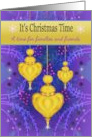It’s Christmas Time Golden Ornaments Purple Teal Background card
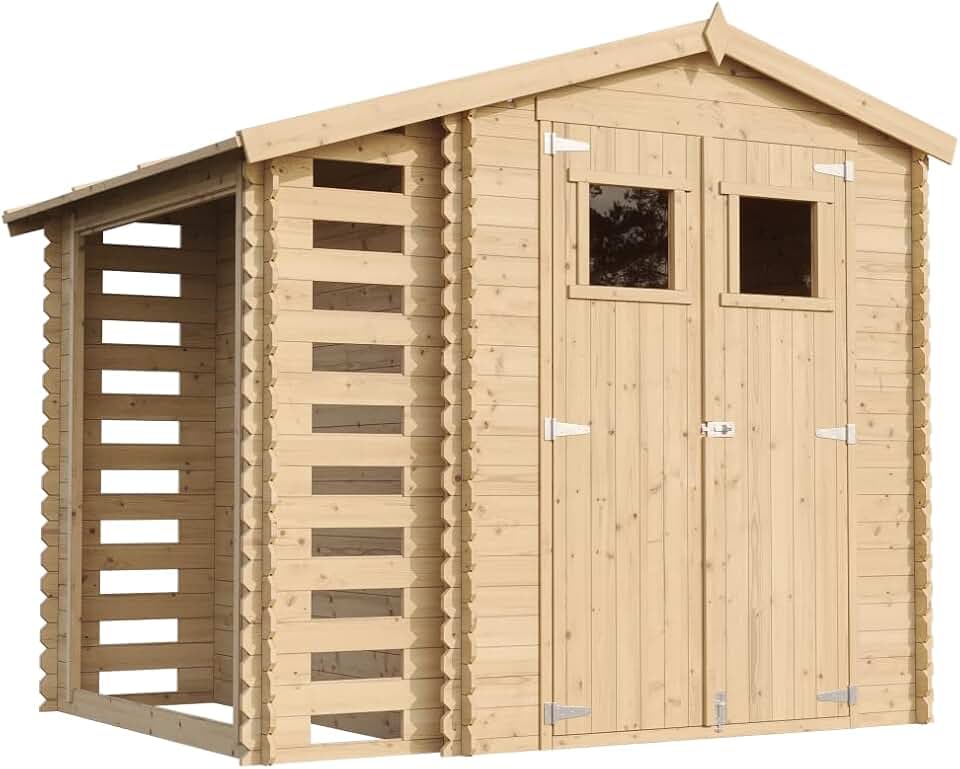 Abri de Jardin en Bois et Range bûches extérieur - Stockage extérieur I206xL272xH218 cm/ 3,53 + 0,97 m2 Petit abri à Outils, Local à vélos - jardinite M386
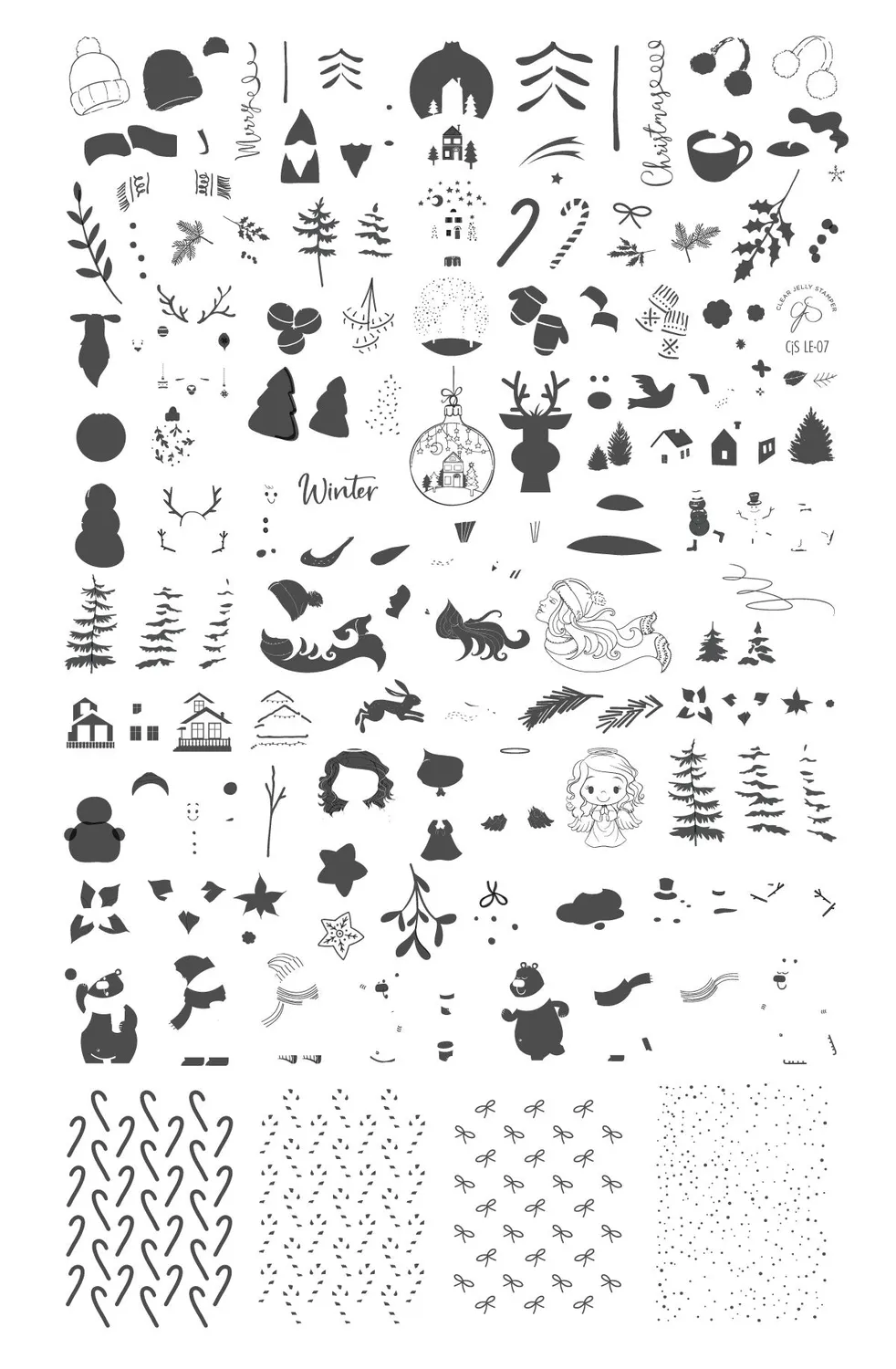 Clear Jelly Stamper LE-07 Frosty stamping plade vinter jul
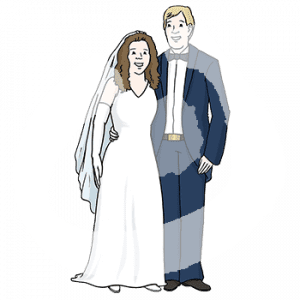 Eine Frau im Brautkleid und ein Mann im Anzug stehen Arm in Arm nebeneinander.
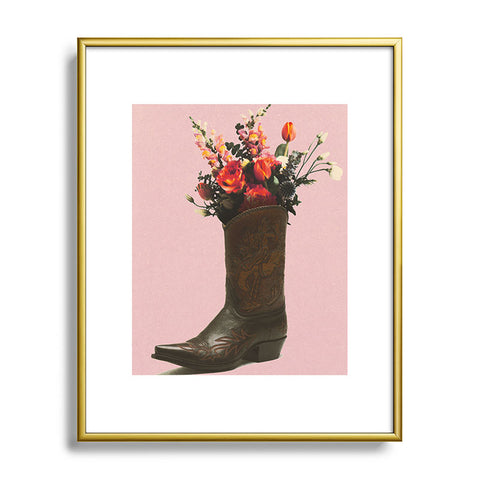 gnomeapple A Cowboy Boot With Spring Bouqet Metal Framed Art Print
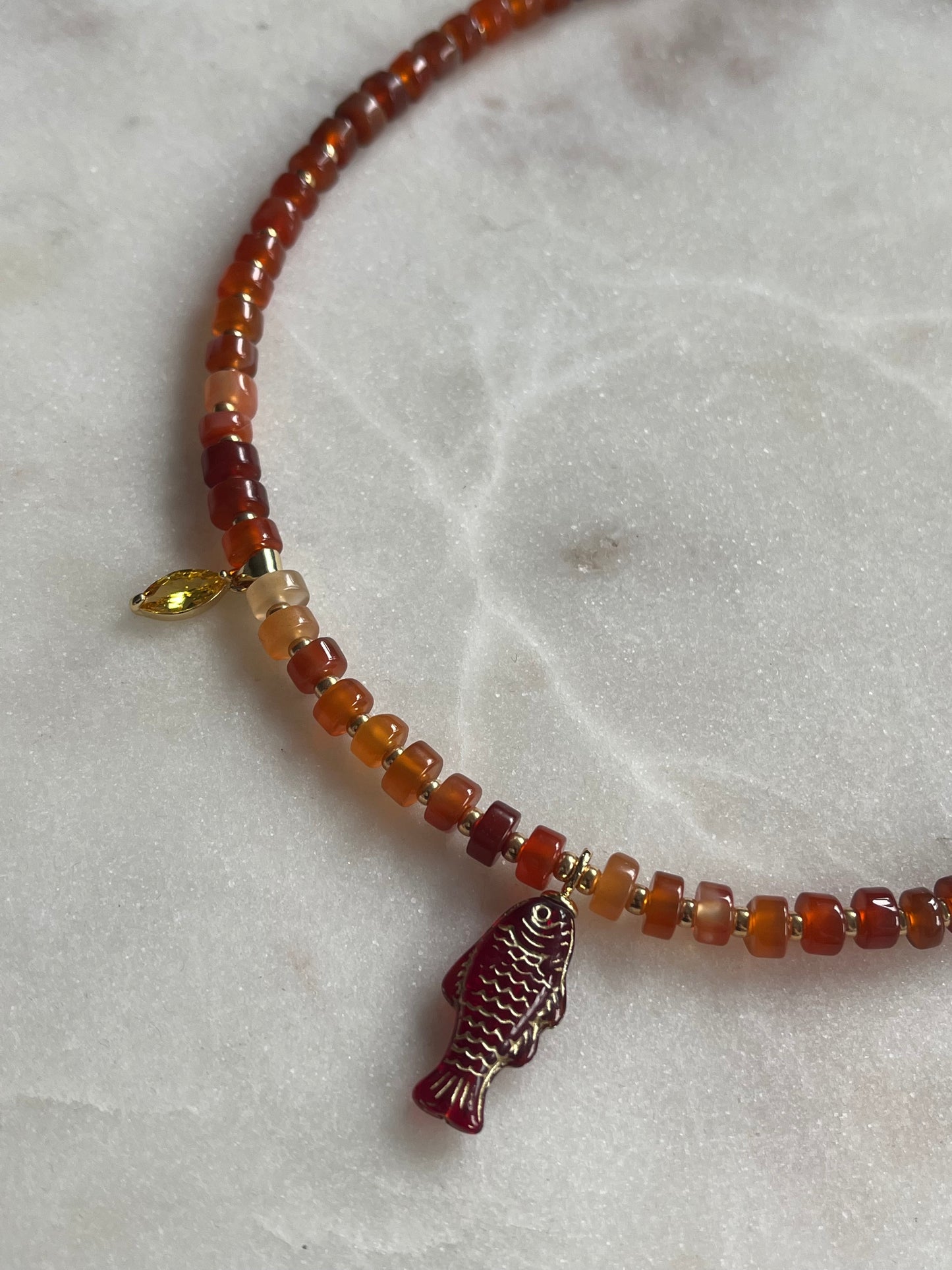 Agate Fish Necklace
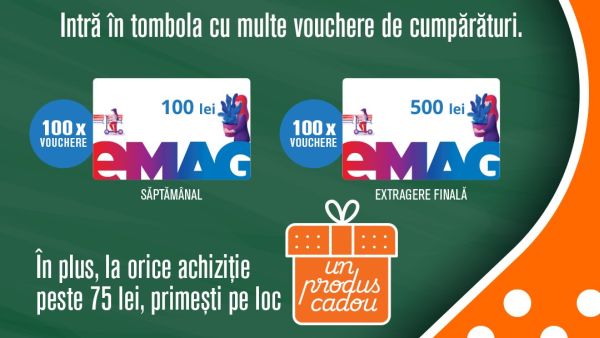 Câștigă 100 vouchere eMAG în valoare de 500 lei fiecare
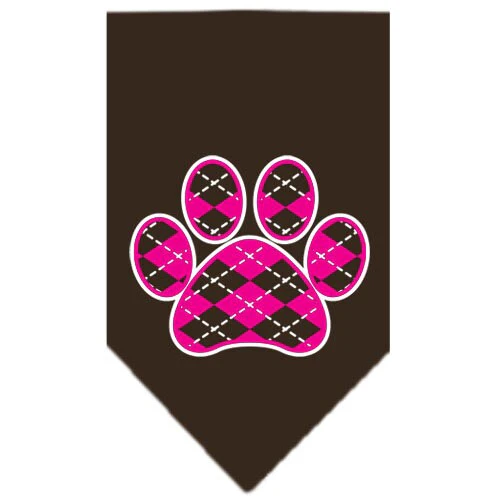 Pet and Dog Bandana Screen Printed,  "Pink Argyle Paw" - Image 8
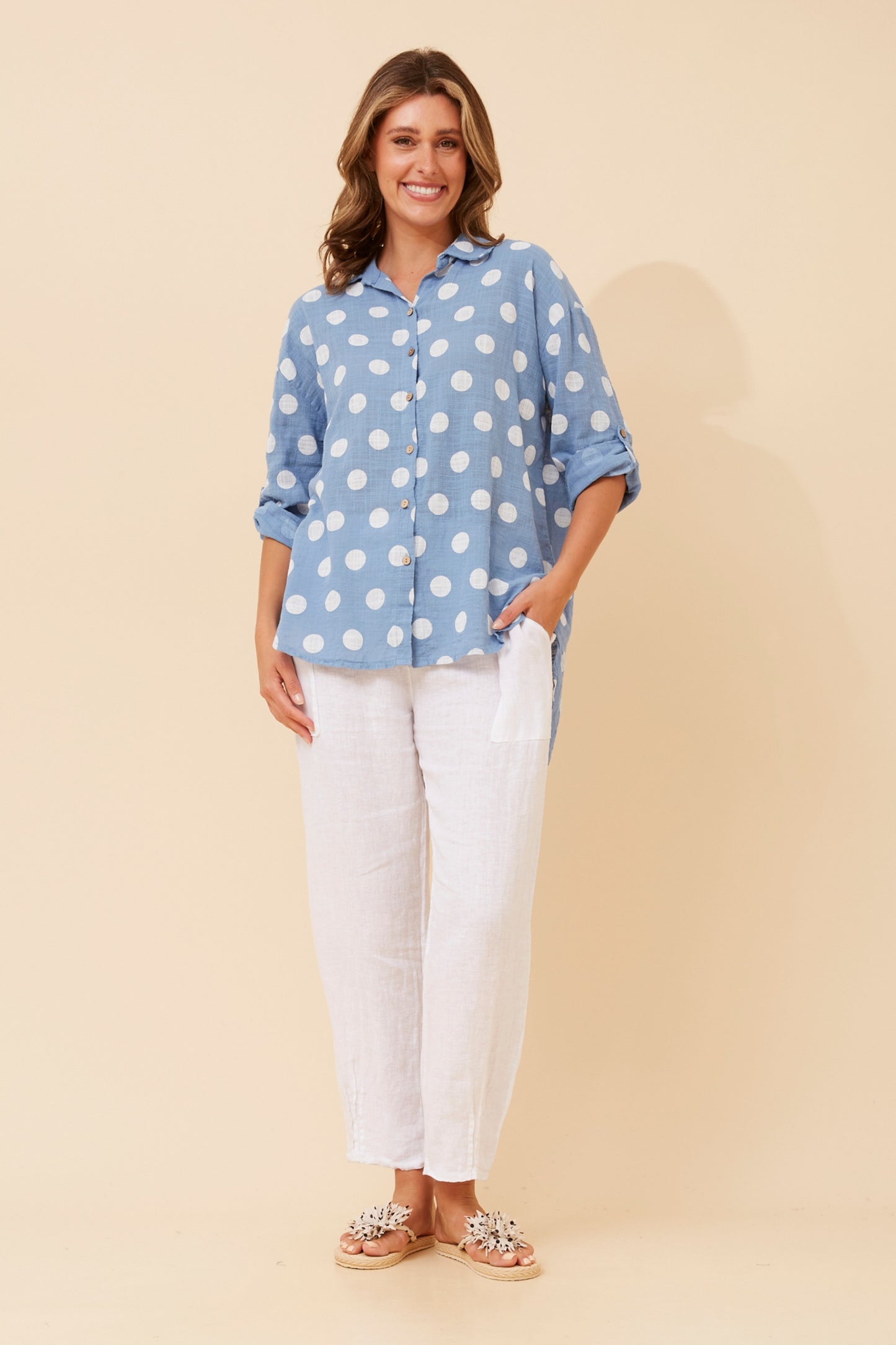 Renley Italian Polka Print Top T525116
......
Task ->
Here the job is to print the data above exactly, except for any pictures.

Exercise output ->
It’s Christmas Time Golden Ornaments Purple Teal Background card
 Abri de Jardin en Bois et Range bûches extérieur - Stockage extérieur I206xL272xH218 cm/ 3,53 + 0,97 m2 Petit abri à Outils, Local à vélos - jardinite M386
 Clear Jelly Stamper LE-07 Frosty stamping plade vinter jul
 Eine Frau im Brautkleid und ein Mann im Anzug stehen Arm in Arm nebeneinander.
 gnomeapple A Cowboy Boot With Spring Bouqet Metal Framed Art Print
 Agate Fish Necklace
 Câștigă 100 vouchere eMAG în valoare de 500 lei fiecare
 Pet and Dog Bandana Screen Printed,  "Pink Argyle Paw" - Image 8
 Renley Italian Polka Print Top T525116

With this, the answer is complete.